Advocates that aim to close the gender gap in education met on Friday in the USU to discuss the causes and solutions for the lack of male educators in public schools, who make up a smaller percentage of educators today than they did in 1980.
Speakers included Bryan G. Nelson of MenTeach and Dr. Lemuel Watson of the Call Me MiSTER initiative, who discussed various reasons why the gender gap exists and techniques on how to recruit males in the teaching profession, with a special focus on elementary education – where the gap is widest.
Dr. David Kretschmer, a CSUN professor with the department of elementary education, and Shartriya Collier-Stewart, an associate professor with the department, discussed their findings from talking with male education students on campus.
“We were amazed at what we found,” Kretschmer said. “A disproportionate number of males were experiencing significant challenges.”
One of the challenges Kretschmer mentioned was what he called the “suspicious factor,” where men who go into childcare and education are often thought of as untrustworthy or unusual. Nelson said that an important part of mitigating this suspicion was with support groups, which might be informal, and with either male or female mentors, as new male educators.
“This is a great field,” Nelson said of the gap. “Where are the guys?”
Among the answers offered were low status, low pay, and the fear of false accusations. Nelson preached the importance of having male teachers work with children immediately, ungraded but supervised, and offering stipends to men who join the profession. He said this was the best way to tackle the gap, which he stated was only slightly smaller than nationwide in California.
The National Education Association reported in 2015 that roughly 27 percent of teachers in California were men, contrasted with about 24 percent nationally.

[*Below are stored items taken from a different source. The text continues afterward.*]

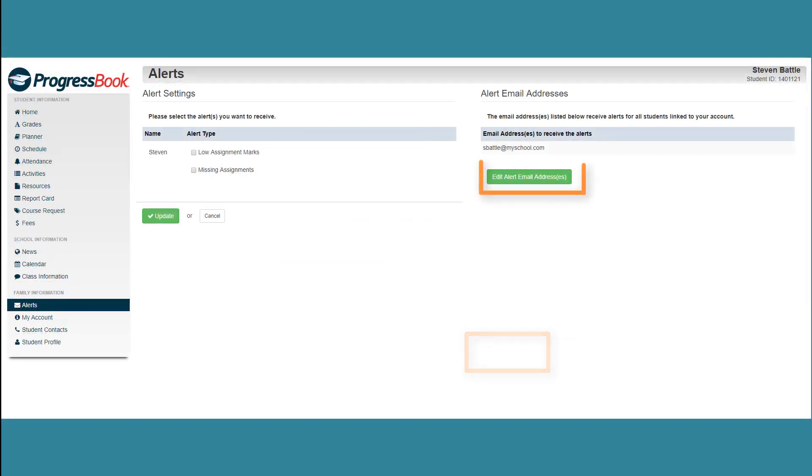You can click Edit Alert Email Address at any time to change existing email addresses, delete them, or add new ones.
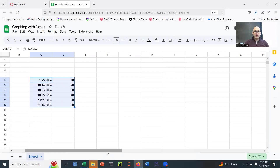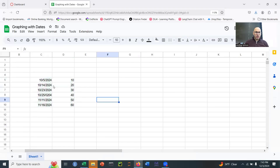This is a little video to explain how to adjust your x-axis when you're graphing with dates in Google Sheets. Here we have some sample data, and importantly, the dates don't follow an even distribution.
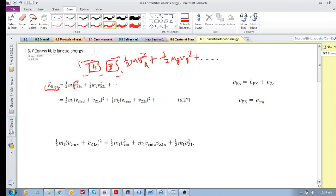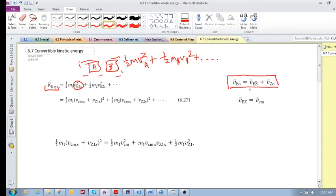Let's look at the velocity of an object in the Earth reference frame. Remember this relationship — this is Galilean relativity. The velocity of an object in the Earth reference frame equals the relative velocity between the zero-momentum reference frame and the Earth reference frame, plus the velocity of that same object in the zero-momentum reference frame. This zero-momentum reference frame velocity is exactly the same as the velocity of the center of mass of the system.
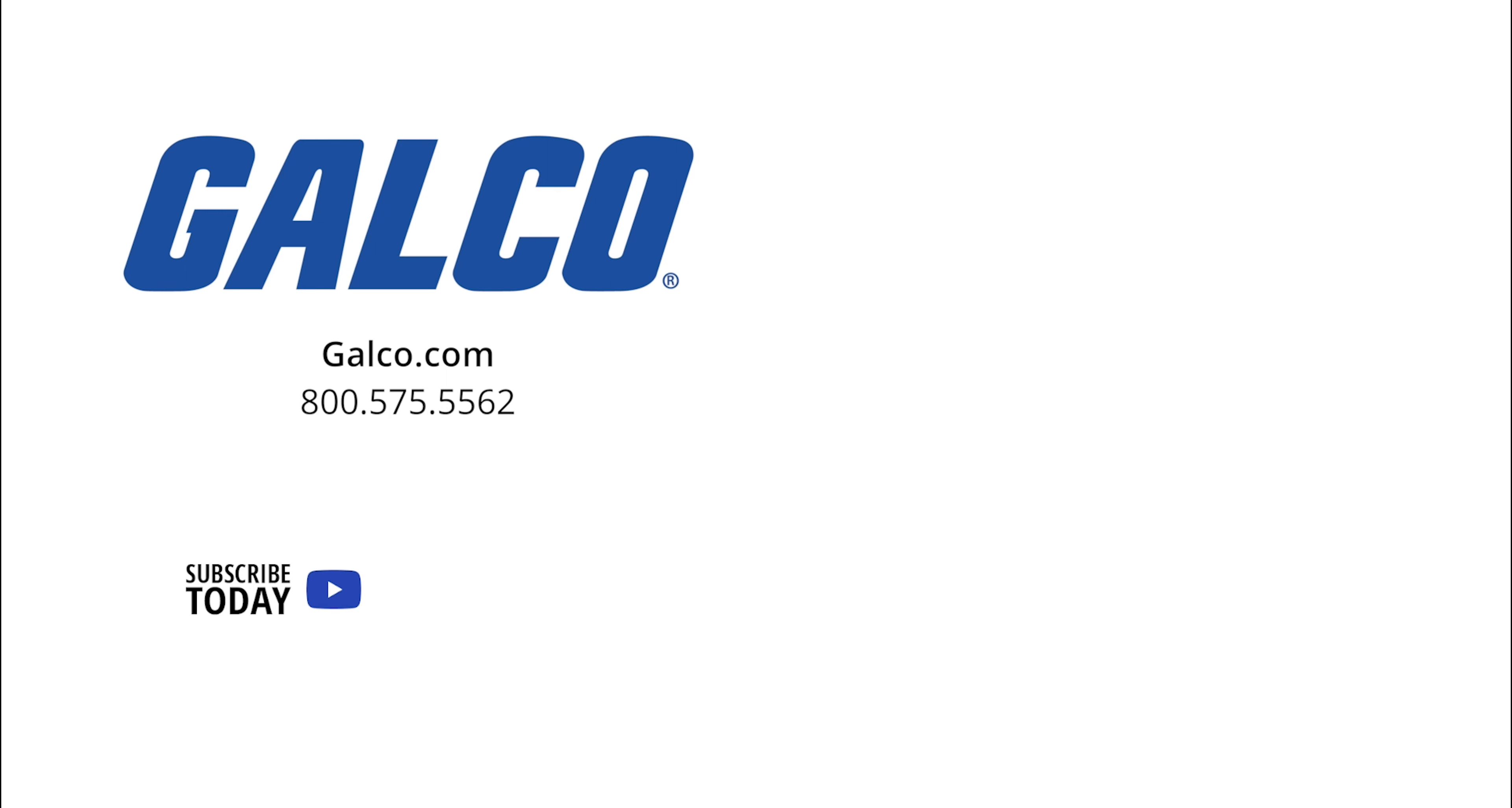Don't forget to like and subscribe to Galco TV so you can be notified when new videos are posted every week.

The National Center for Education Statistics found a similar percentage in 2012, with about 76 percent of public school educators as female.
Historical reasons discussed in the seminar for the decrease of men in education were varied.
Nelson, citing his own 2002 study “The Importance of Men Teachers and Reasons Why There Are So Few,” argued that men entered the education workforce after the Civil War and both world wars, but women first maintained a majority because of their own gains in higher education and their appeal to administrators who paid them lower wages.
“Men don’t want to do work in the field, or people don’t think men want to do work in the field,” Nelson said of his findings.
The seminar was presented by The Future Male Minority Teaches of California Project, with collaboration from the W.K. Kellogg Foundation and MenTeach. It is the first of several sessions to come, with plans to include California state universities East Bay, San Jose, Dominguez Hills, and Los Angeles, as well as San Diego State University.
For those at the seminar, this means pushing back against the numerous reasons male teachers have become scarce, a task that might seem daunting to any outside observer.